Now with that being said this bike rocks for Ocatillo! I pretty much mostly ride there or Baja on mine. It loves high speed whoops and washes. Make sure you get a street legal one because they are a blast on the street.

Good Luck!

  • BWB63

Posted September 06, 2006 - 11:25 AM

#18

Go through some of the web pages out there that are all about just the XR650R:

Here are some pages that will show the week points that need fixing and some pages of the BRP in action.

http://www.xr650r.us/issues/

http://xr650r.borynack.com/

http://www.xr650r.us/

Posted Image

  • Old_Man_Time

Posted September 06, 2006 - 11:28 AM

#19

[quote name='BIGGITY'][quote name='Liquelo']Vitals:

52 yrs old
5'10.5"
32" inseam

I'm suprised nobody has brought up the weight of these bikes. 310 lbs (fully loaded w/ dez tank) is a hell of a lot of machine to pick up. He's 51 years old. How much do you weigh? Are you in good physical shape? You better be because if you ever lay this thing down on the side of a steep hill then you are going to utter more swear words than you thought you knew. That and the flooding when it goes down (unless you have a edelbrock). It's a BIG HEAVY BIKE so be prepared for a serious workout..

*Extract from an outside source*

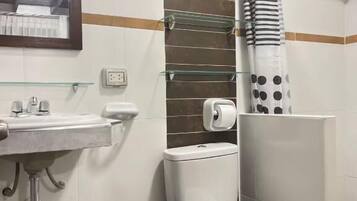 Habitación Confort | Baño | Ducha, toallas, jabón y champú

Now with that being said this bike rocks for Ocatillo! I pretty much mostly ride there or Baja on mine. It loves high speed whoops and washes. Make sure you get a street legal one because they are a blast on the street.

Good Luck![/QUOTE]

I'm 56 years old, 5'8 1/2" (gotta have that 1/2") with a 30-31 inseam. I have had to pick this bike up through the years though very rare to dump it anymore. Your right about laying the bike down on the steep side of a hill. It is a real pain to pick up. Not too bad when it goes down and stays on the trail.

The Edelbrock is great but before the Edelbrock I was a man who knew the proper procedure and followed them religiously.

There are better bikes for beginners but if you cut your teeth on this you can ride just about anything. I cut my dirt biking teeth on a KX500 on tight trails which I do not recommend to anyone as a starter bike. From there I went straight to the XR650R and rode it for years in the tight mountain single track trails. Then the 525EXC and finally the KDX220. I have kept all these bikes and they are basically purpose built bikes now. The KX500 and XR650R are my desert machines. I save my 525 and 220 for the forested mountain single track trails. It's nice to have the right tool for each job.
:thumbsup:

  • Boudroux

Posted September 06, 2006 - 11:29 AM

#20

Ah, in reality the bike isn't that hard to pick up. Using both hands on one grip provides a lot of leverage. I've seen the little 140 pounders pick these things up no problems.